木皿僕のところにきた時点である程度のストーリーや設定はできあがっていたので、あとは曲と映像を制作するという段階でした。
VR対応ということで楽曲&映像制作も新しいことへのチャレンジが求められたのではないでしょうか。
木皿僕が見ていて思ったのは、VRって、フレームがあってその中だけで演出されるものではなく、あくまで映像を見る人に委ねられるので、VRにおける最適化が普通の絵作りとは違うんだということ。距離感ひとつとっても遠すぎるとちょっと寂しい感じがしたりして、あまりノウハウというか前例がなかったものですから、制作は試行錯誤を繰り返しつつで大変でしたね。


松下未だにオリジナルキャラクター、しかもアニメ的なキャラでVRを使った映像って少ないですからね。

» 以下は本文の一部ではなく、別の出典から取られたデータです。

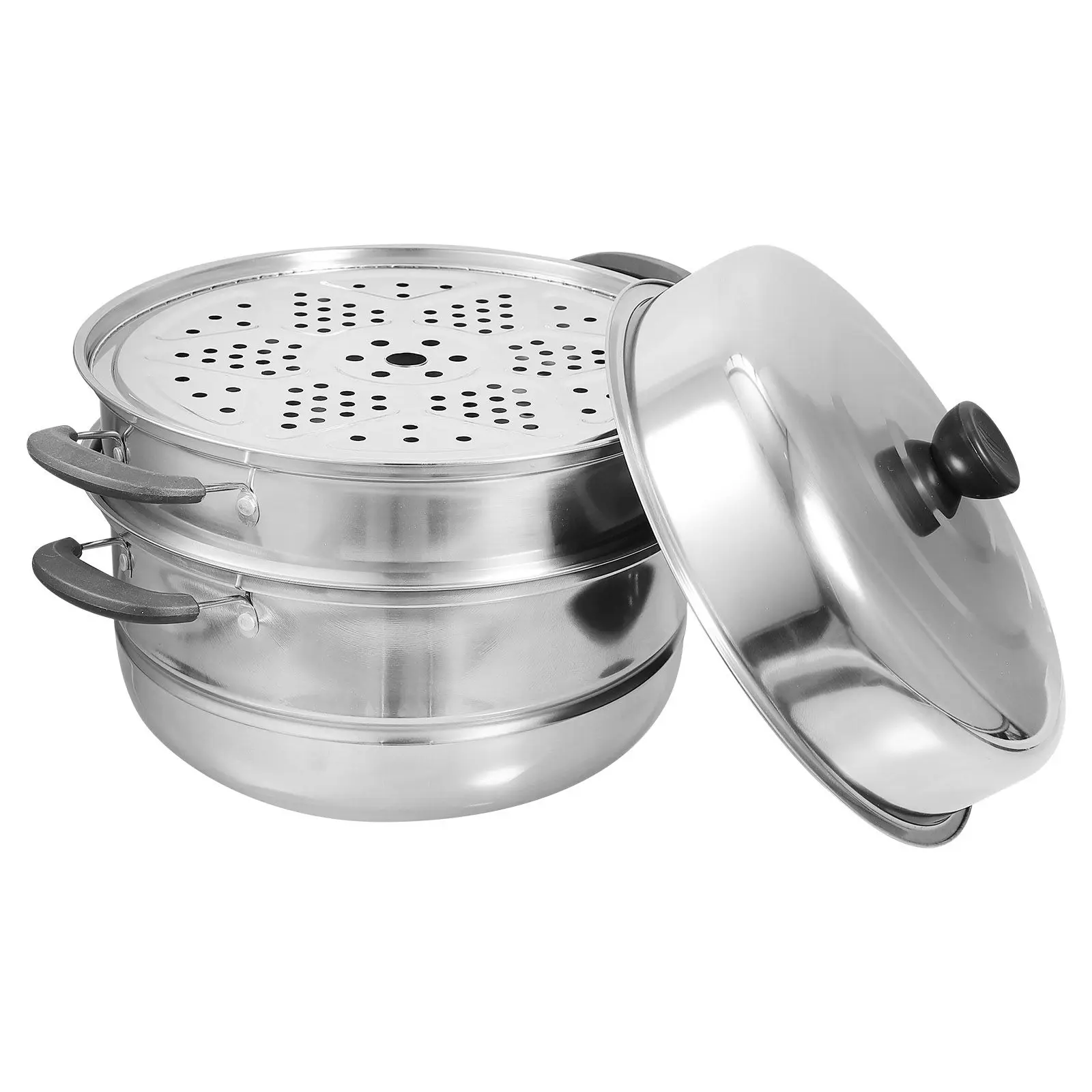 

Stainless Steel Steamer Pot Large Capacity Kitchen Tool Veggie Dumpling Bun Basket Heat Resistant Premium Quality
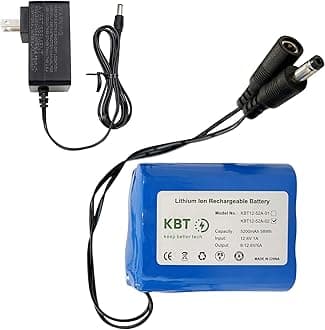KBT 12V 5200mAh Rechargeable Li-ion Battery, DC5521 Male Connector, Replacement Battery Pack with Charger Compatible for 12V Device RC Car, Boat, Robot, DIY, LED Light Strip, CCTV Camera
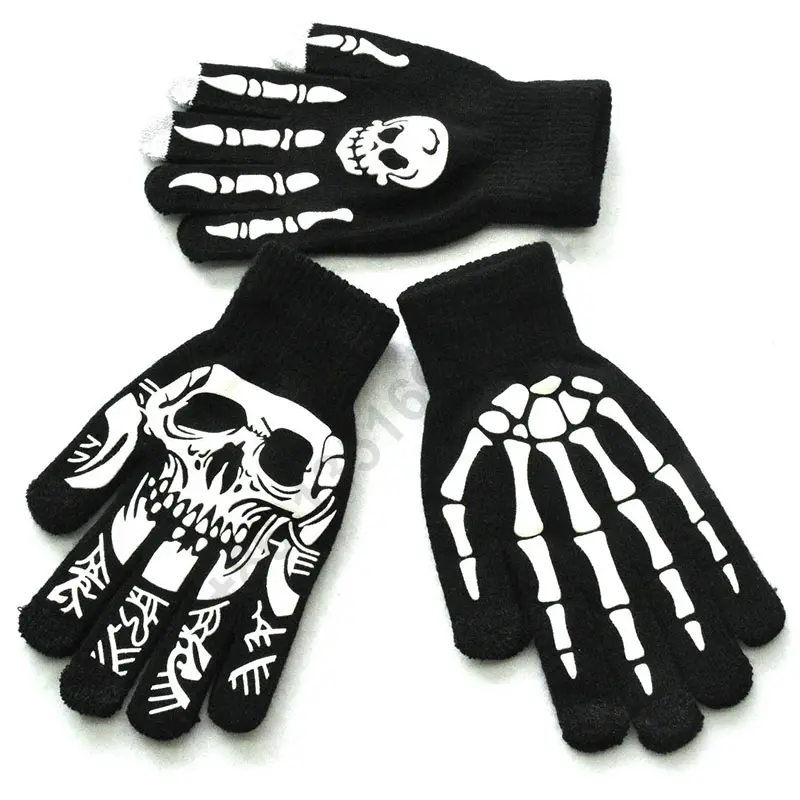 Full Finger Gloves Winter Stretch Knitted Mechanic Gloves Skull Heads Ghost Paw Skeleton Gloves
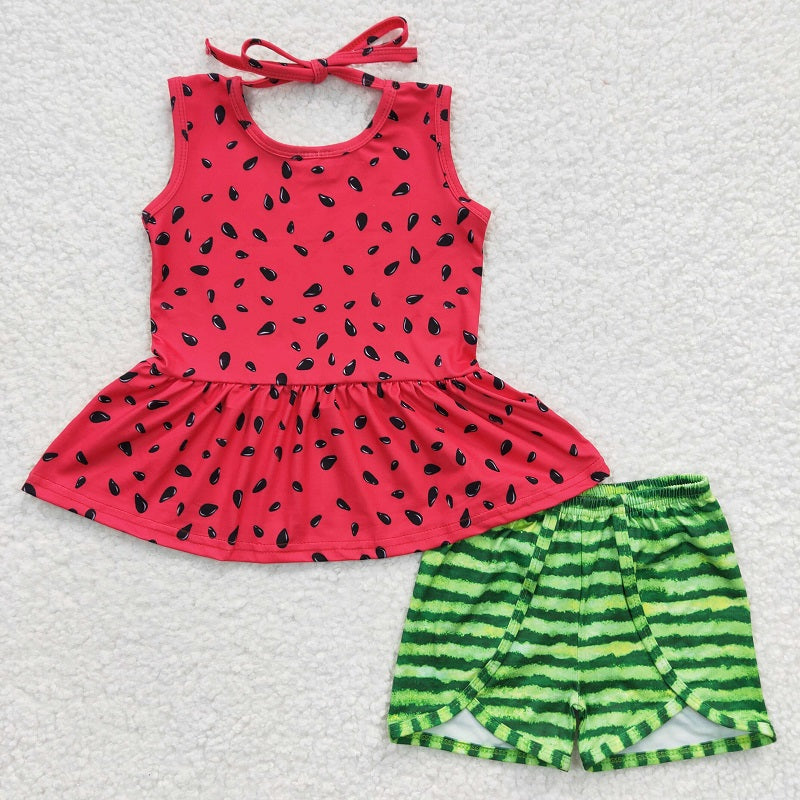GSSO0192 Girls Watermelon Red Sleeveless Green Shorts Set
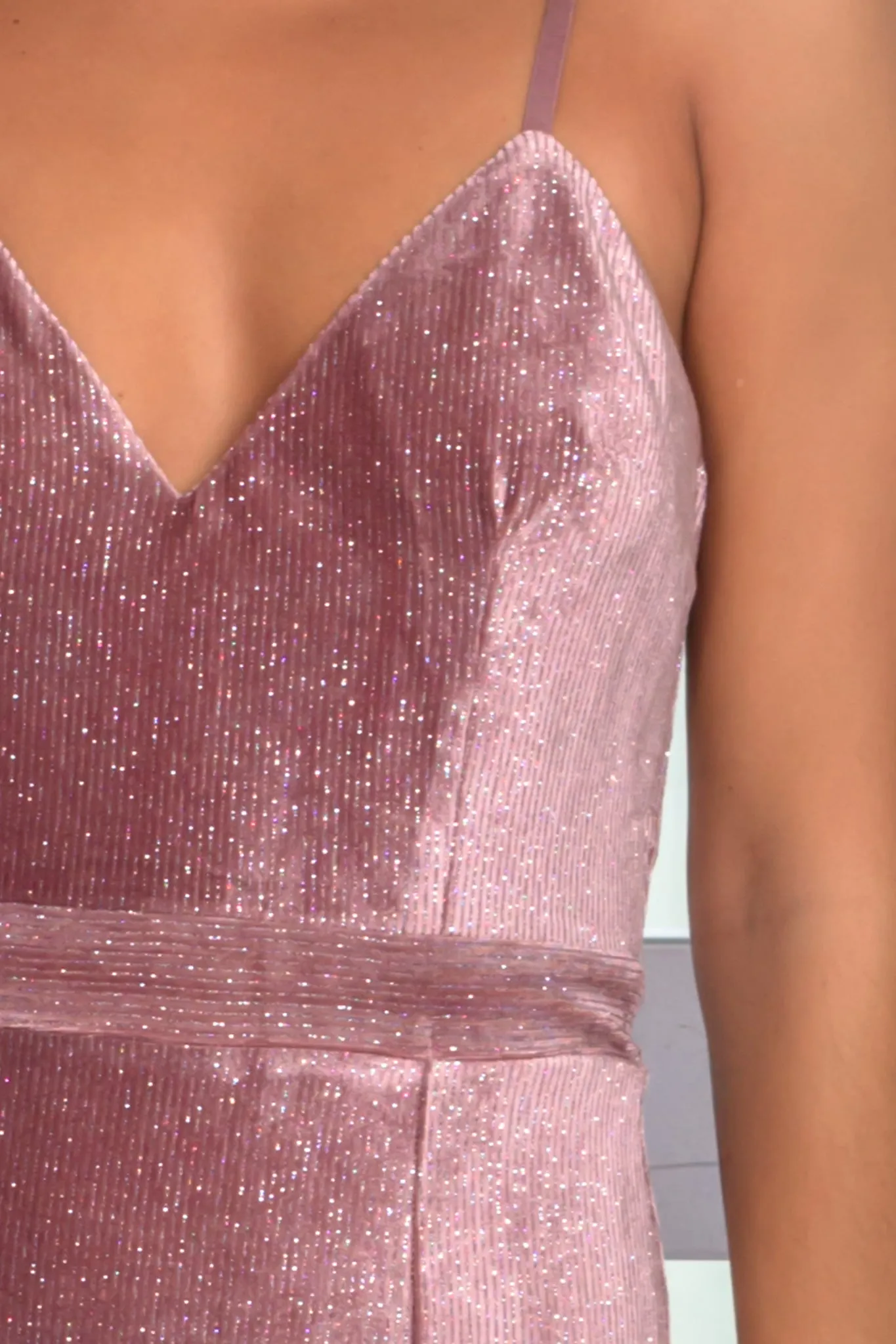 Rose Velvet Shimmer Maxi Dress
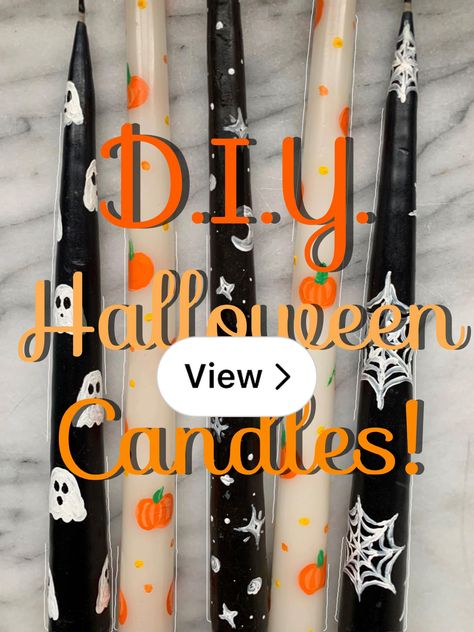 Lemon8 · DIY Halloween Painted Candles! ✨🎃 👻  · @Kaylee Spooky Candle Painting, Candlestick Diy Craft Ideas, Halloween Candlesticks Diy, Spooky Craft Night, Candle Painting Halloween, Halloween Painted Candles, Halloween Candle Painting, Diy Halloween Candles, Painted Candlesticks Diy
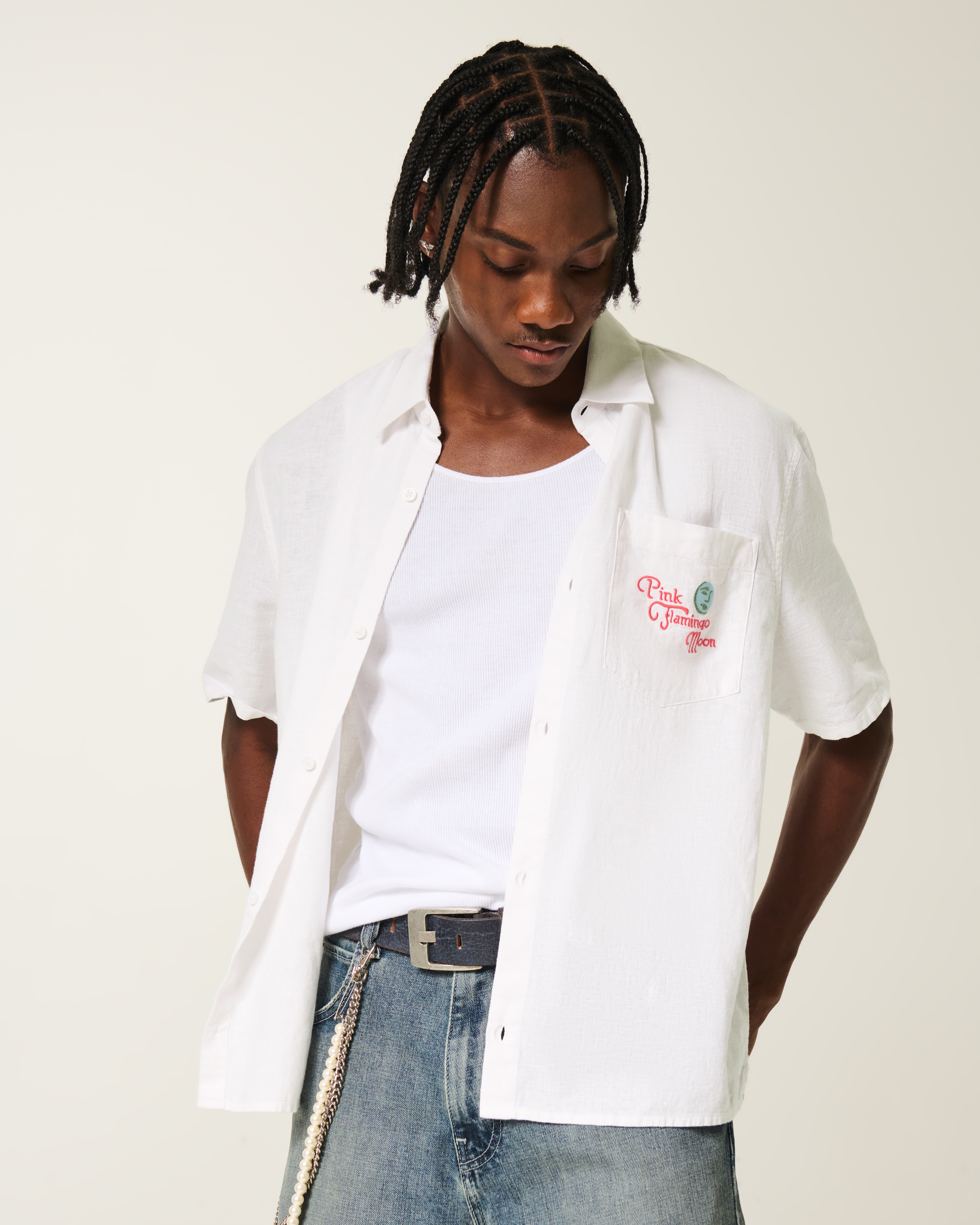 Boxy Linen-Blend Short-Sleeve Pink Flamingo Moon Graphic Shirt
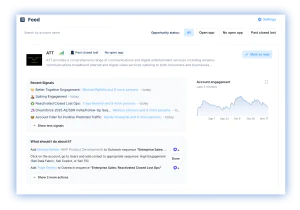 Sales intelligence feed dashboard displaying account insights for ATT, including recent engagement signals, opportunity status filters, recommended actions, and account engagement trend graph.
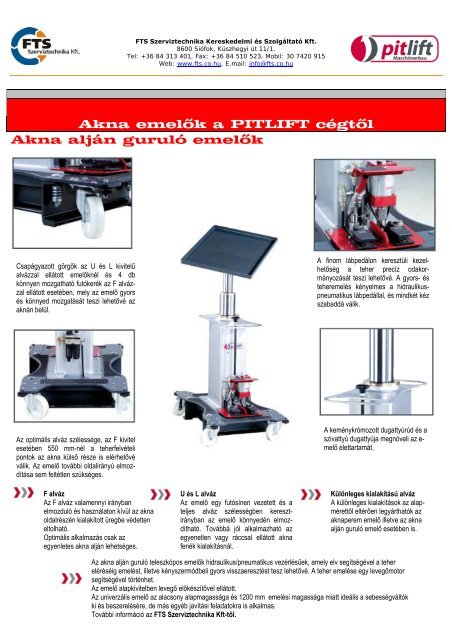 PITLIFT akna alján guruló emelő - fts.co.hu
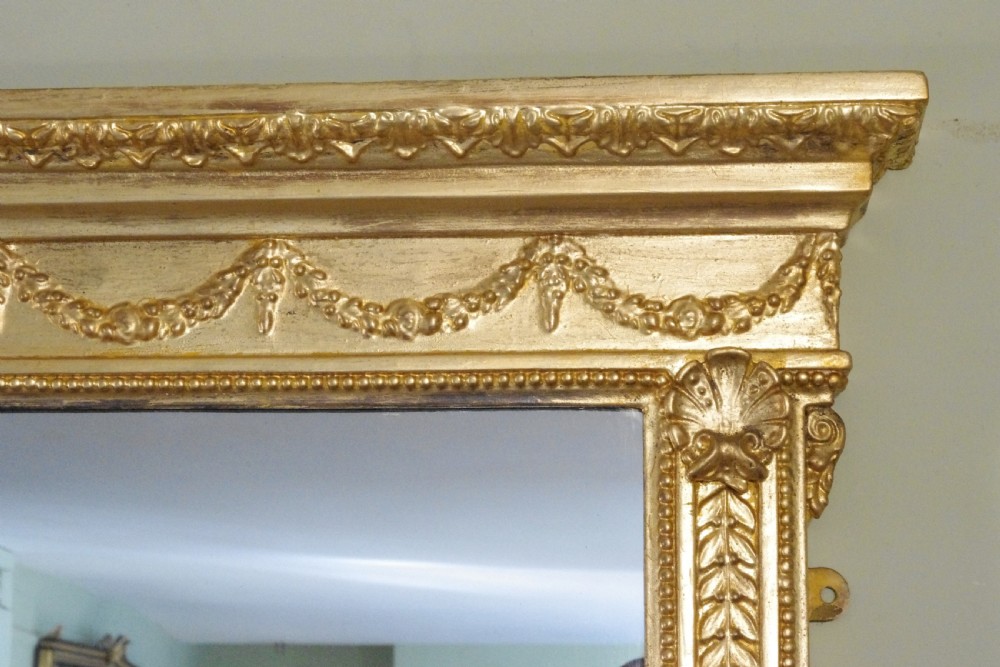 English Victorian Gilt Large Overmantle Mirror View IV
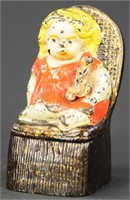 GIRL IN VICTORIAN CHAIR MECHANICAL BANK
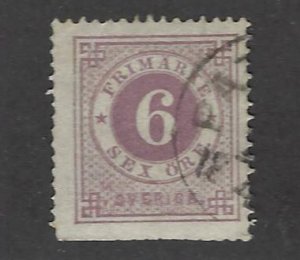 Sweden SC#20 Used F-VF SCV$40.00...Worth a Close Look!!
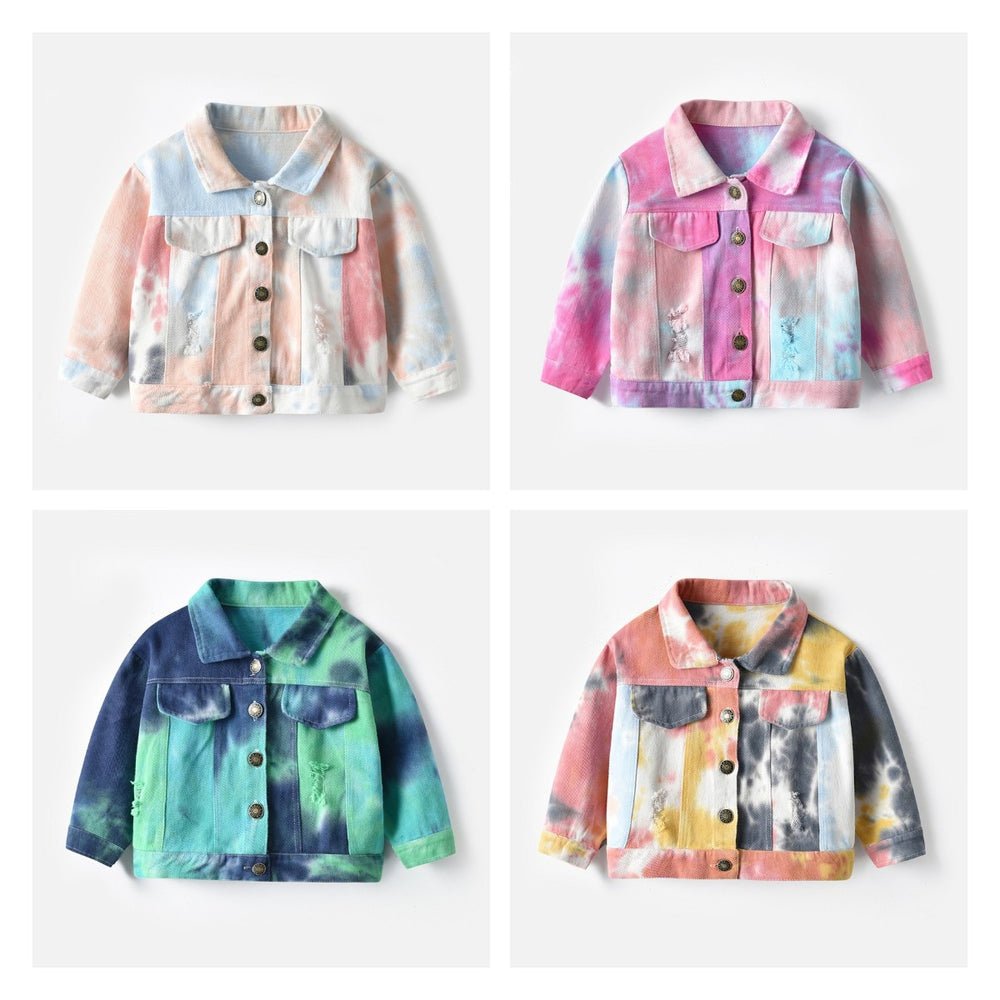 Baby Kid Girls Boys Tie Dye Jackets Outwears Wholesale 220411213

私自身もVRは知っているけれど、ちゃんと作ったことはないというところからのスタートでしたので、すごく大変でした。
しかし、勉強しながら1曲目を作っている過程で、『なんだこういうことか!』というのが徐々にわかってきて、2曲目の制作では音響にも画面の向きに合わせて音の出所が変わる空間音響を取り入れていたりしているんです。最初は空間音響の採用は難しいだろうと思い、僕自身は諦めていたんですがね。


木皿試行錯誤はしましたがなんとか着地しました。
いまお話に出た空間音響ですが、VR映像に合わせての音作りに関して大変だったことは?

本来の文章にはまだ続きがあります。